Более того, так как прямая и непосредственная сигнификация невозможна, речь оказывается основанной на той же дистанции, что и письмо, — и так же, как и письмо, вплетенной в более общую ткань значений. Иначе говоря, даже прямая речь никогда не может «присутствовать» или быть непосредственно укорененной в реальности. Будучи опосредованной понятийной системой, она укоренена в языке и, таким образом, в культуре — и, можно добавить, в бессознательном. А это значит, что для Деррида слова — и письменные, и устные — всегда произносятся в отсутствие «того, что есть», «бытия», «источника истины» (все эти закавыченные слова для него не более чем иллюзии европейской метафизики); безотносительно к осознанным намерениям говорящего они «говорятся» в соответствии со скрытыми отношениями, воплощенными в языке. Поэтому, вместо того чтобы письмо было своего рода испорченной речью (как казалось Платону или даже де Соссюру), дело обстоит совсем наоборот. Речь оказывается только еще одним типом «письма» как общей и наиболее точной модели создания значений.
Последний вывод Деррида ставит под вопрос не только западную философскую, но и герменевтическую традицию.
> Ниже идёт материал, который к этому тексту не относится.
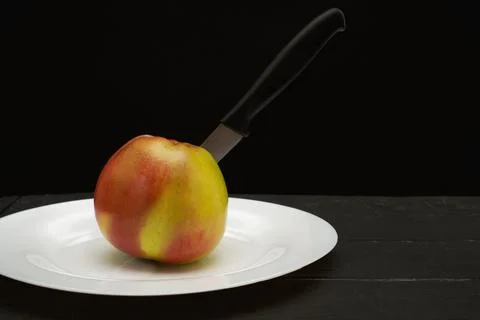 Apple on a black background with a knife inside on a white plate 스톡 사진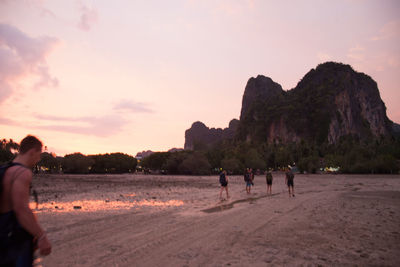 Tourists on rock formation at sunset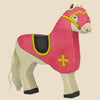 The Holztiger Tournament Horse, Red (ships in one week), is a handcrafted wood figurine with pink covering, yellow trim and cross, white mane and tail, black hooves, and a white face set against a plain background.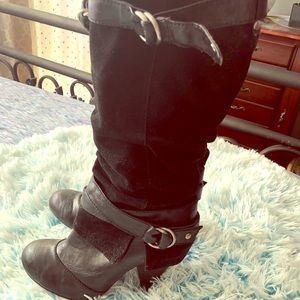 High heeled knee high boots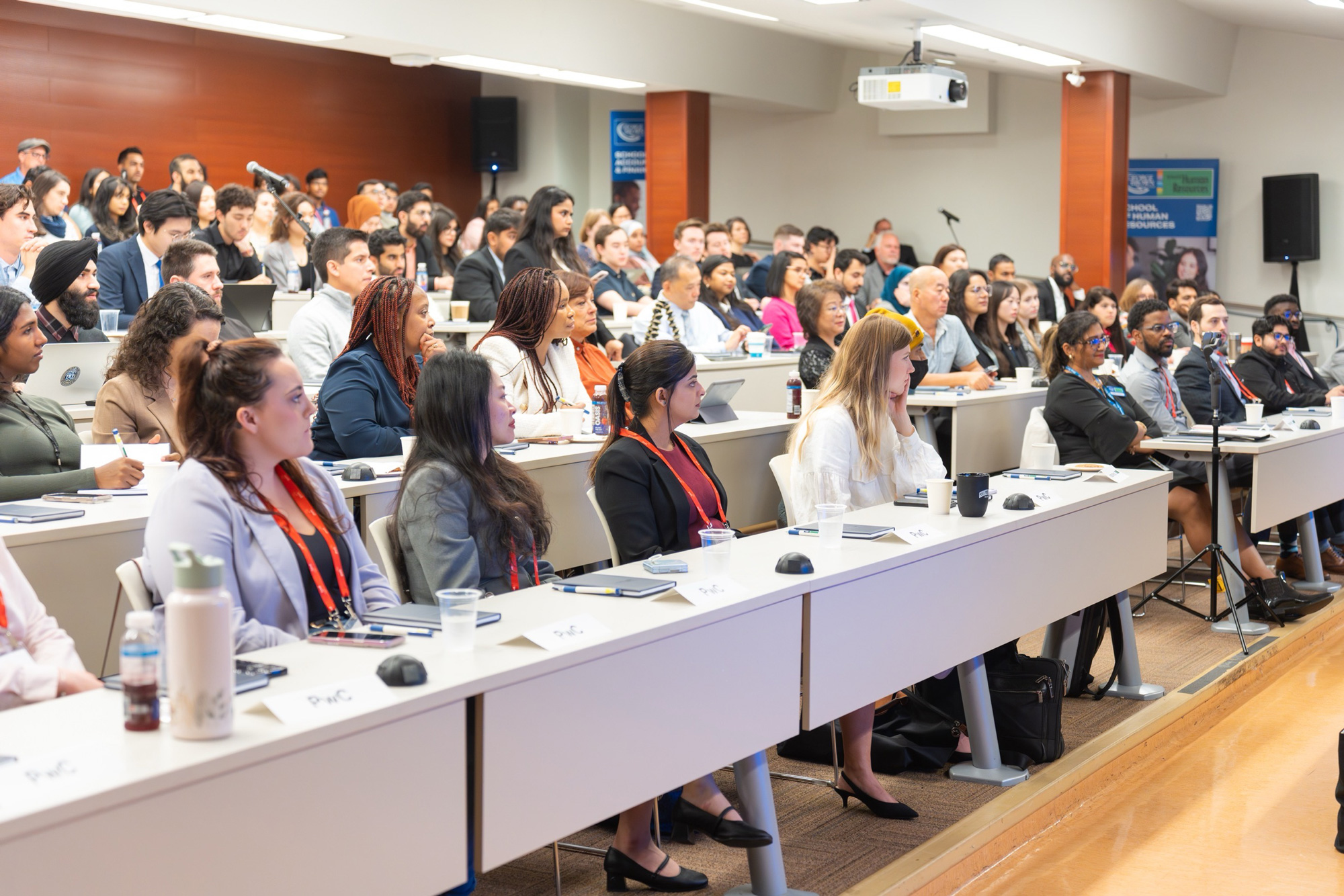 People seated in a lecture theatre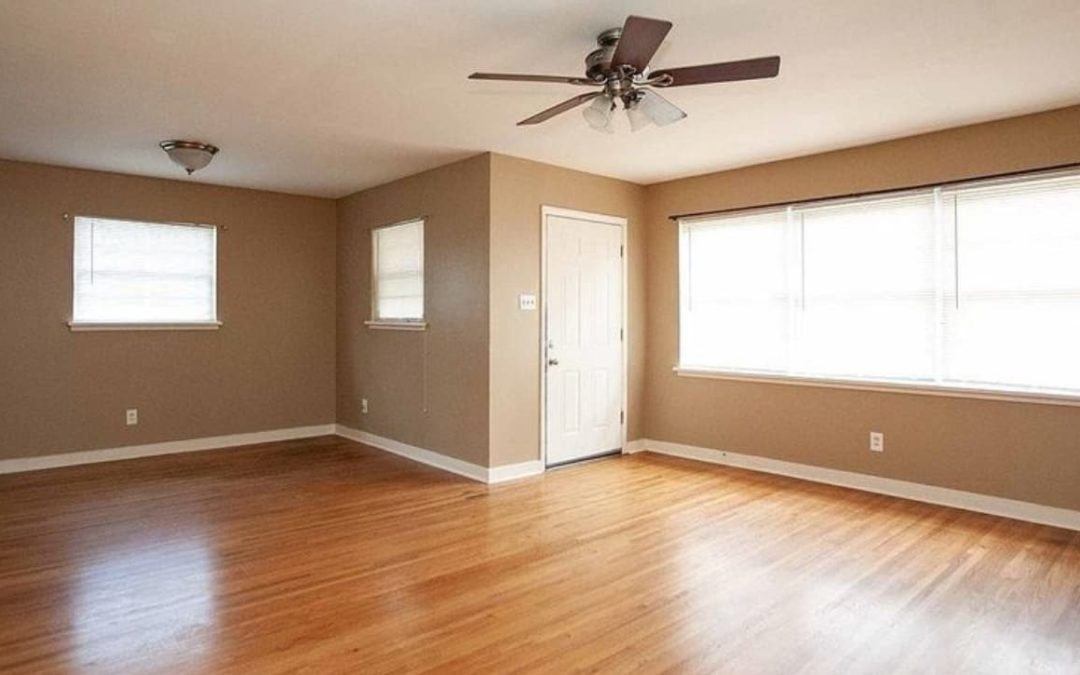 Spacious living room in a newly built duplex, featuring hardwood floors, large windows for natural light, and a ceiling fan, ideal for modern apartment living in West Little Rock.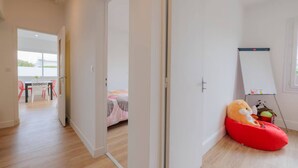 A room with a bed, a red bean bag, a whiteboard, and a view of a balcony with outdoor furniture. - Villa Luxe Plages et Commerces à Pieds (carnac)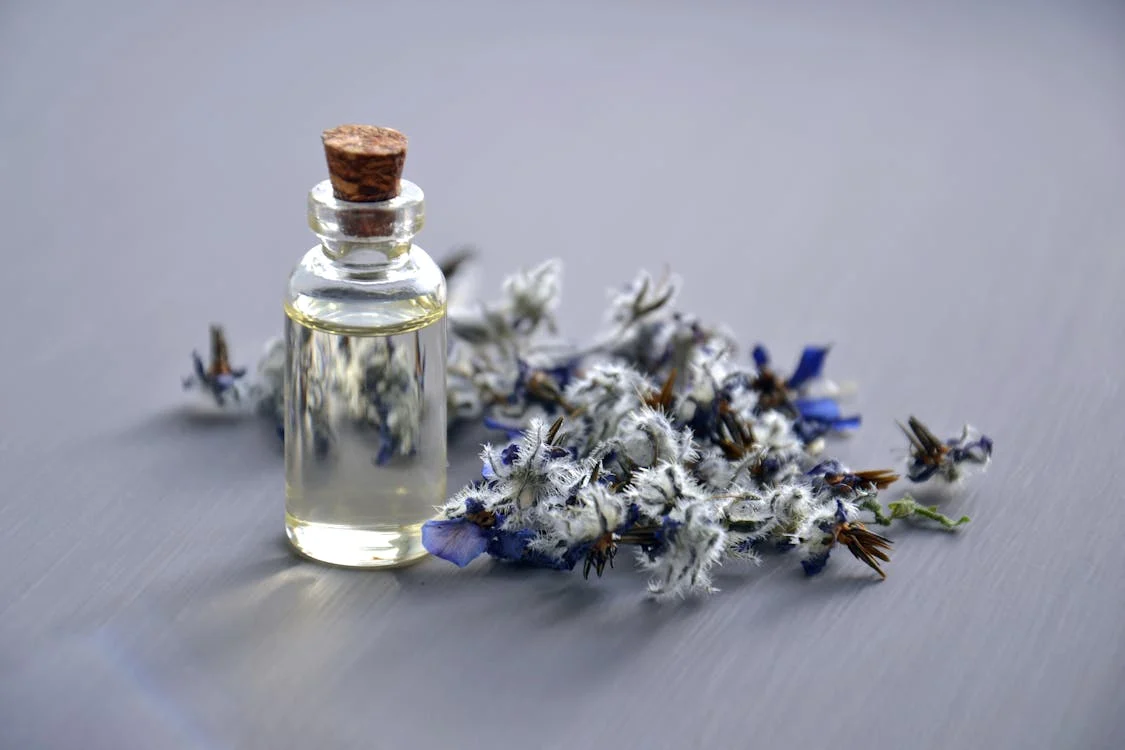 A small glass bottle of essential oil surrounded by delicate lavender flowers, symbolizing aromatherapy for better sleep and relaxation.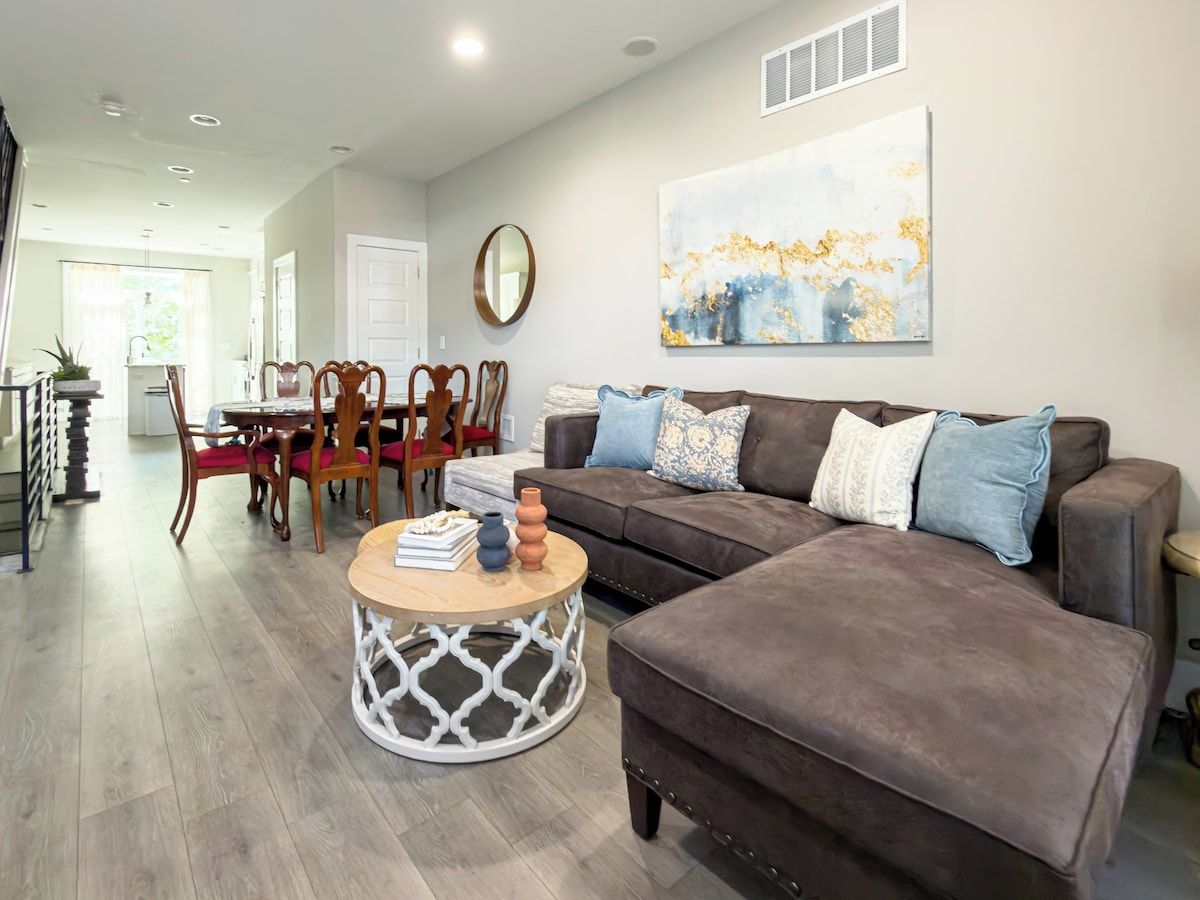 A living room with a brown sofa, a round coffee table, and a dining area with wooden chairs and a table.
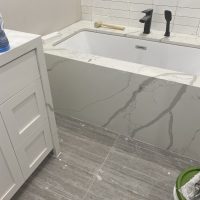 A marble bathtub surround from MC Granite Countertops.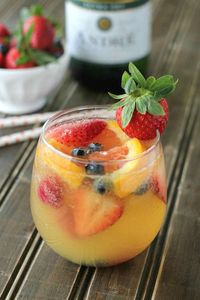 Light and refreshing white wine sangria made with champagne, and fresh fruit! No added sugar!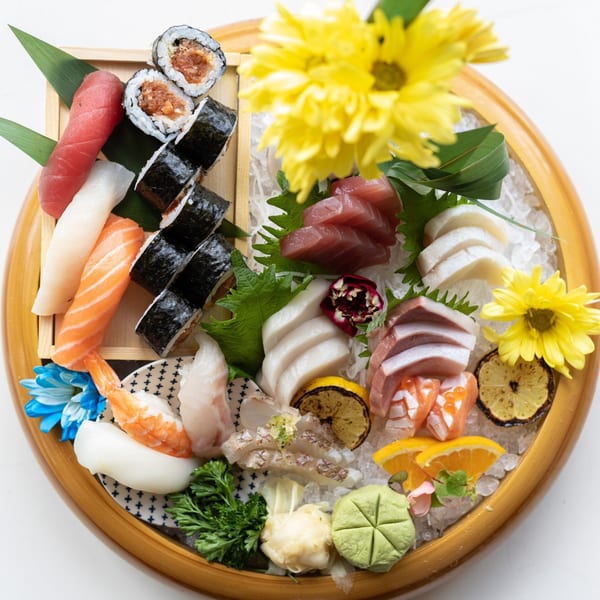 A large wooden platter filled with various sushi, sashimi, and rolls, garnished with flowers and citrus.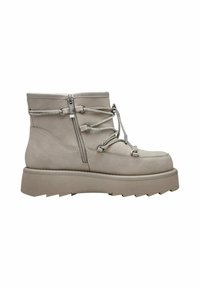 Bottine beige avec une tige en cuir texturé, présentant des accents métalliques, une fermeture éclair sur le côté et une semelle en caoutchouc épaisse avec un design à rayures.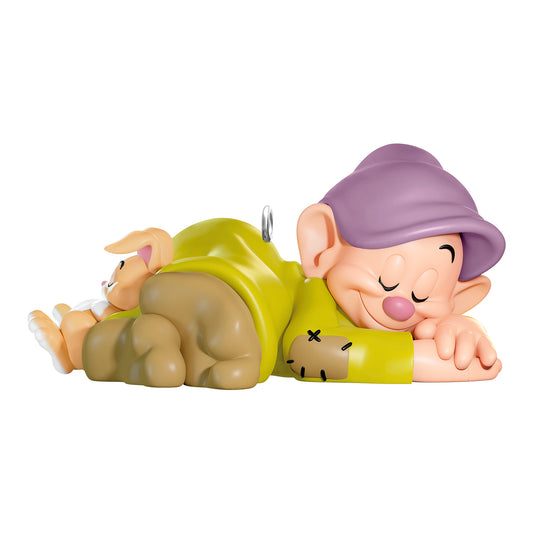Disney Snow White and the Seven Dwarfs Dozing Dopey — 2026 Hallmark Keepsake Christmas Ornament featuring Dopey sleeping with a bunny in a side view.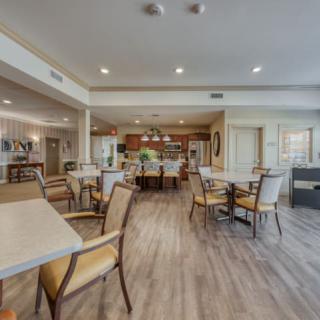 A spacious and well-lit dining area with tables and chairs on hardwood flooring.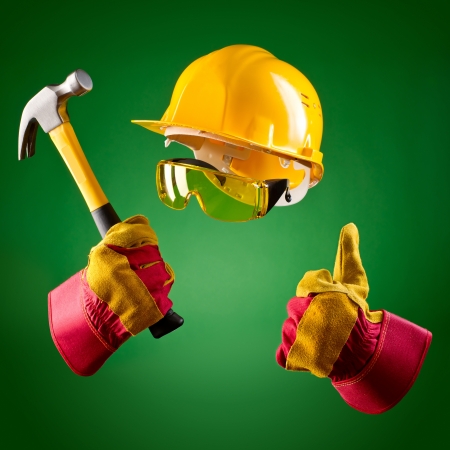 invisible builder in a helmet and with a hammer on a green backgroundの写真素材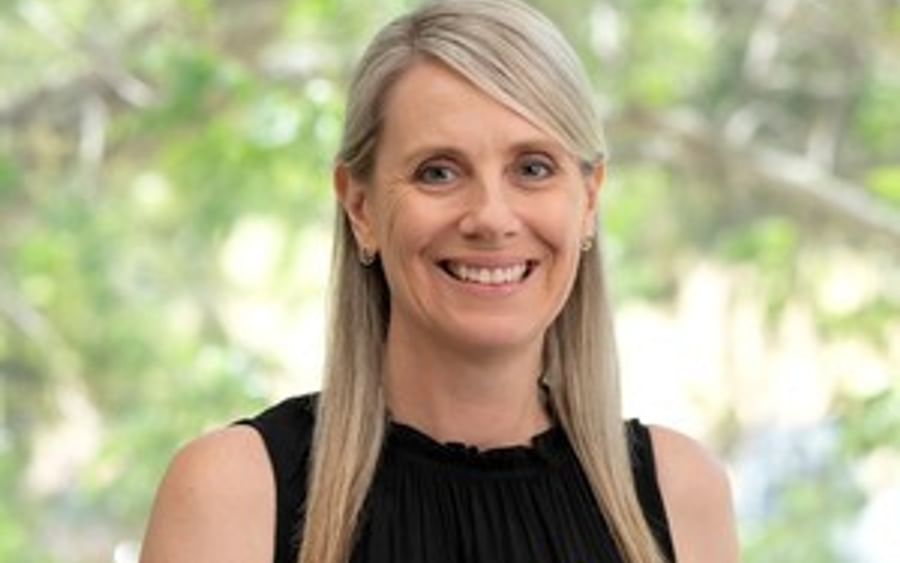 Person with shoulder-length blonde hair, black sleeveless top, yellow flower pin, smiling outdoors.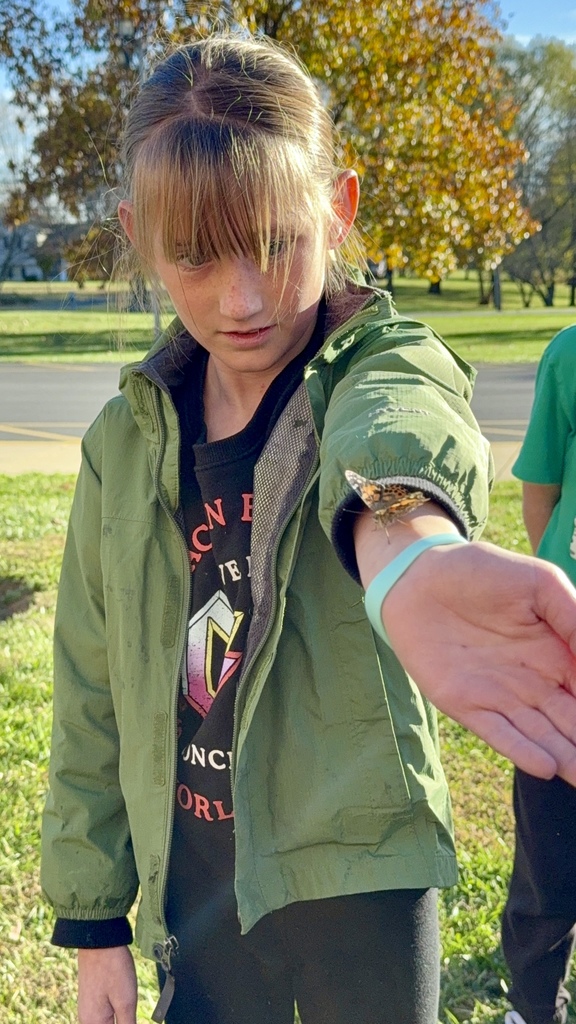 student holding butterfly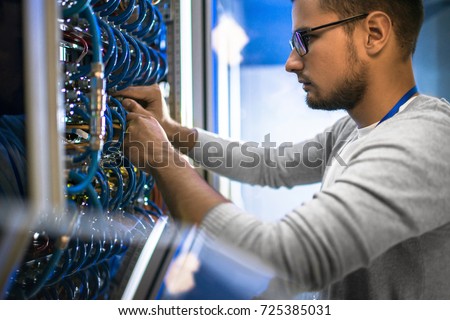 Side view portrait of young man wearing glasses connecting cables in server cabinet while working with supercomputer in data center Royalty-Free Stock Photo #725385031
Действительно, язык, который уже не прикован «присутствием» — язык без устойчивой отсылки к «реальности», благодаря которой он может быть стабилизирован, его движение остановлено, его суждения верифицированы, — кажется обреченным на то, что было названо деконструктивистами «свободной игрой означающих». Такая игра уже не ограничена никаким отношением к фактическому «положению дел» в мире, но только невидимыми отношениями между означающими в языке — а значит, и сложной, обманчивой, увлекающей на бесчисленные боковые тропинки логикой культуры. Именно это семиотическое распыление, бесконечные подмены знаков — а не «порядок существующих вещей» — согласно деконструкции, становится основанием для нашего мышления и речи. Следует добавить, что эта идея породила чудовищное количество литературоведческих и философских исследований, пытающихся проследить бесконечное распыление смыслов и значений во всех мыслимых и немыслимых текстах. В то же время достаточно значимо, что собственные критические работы Деррида, так же как блестящие исследования главы американской школы деконструкции Дж. Хиллиса Миллера, редко следуют по легкому и соблазнительному пути подобной «деконструкции».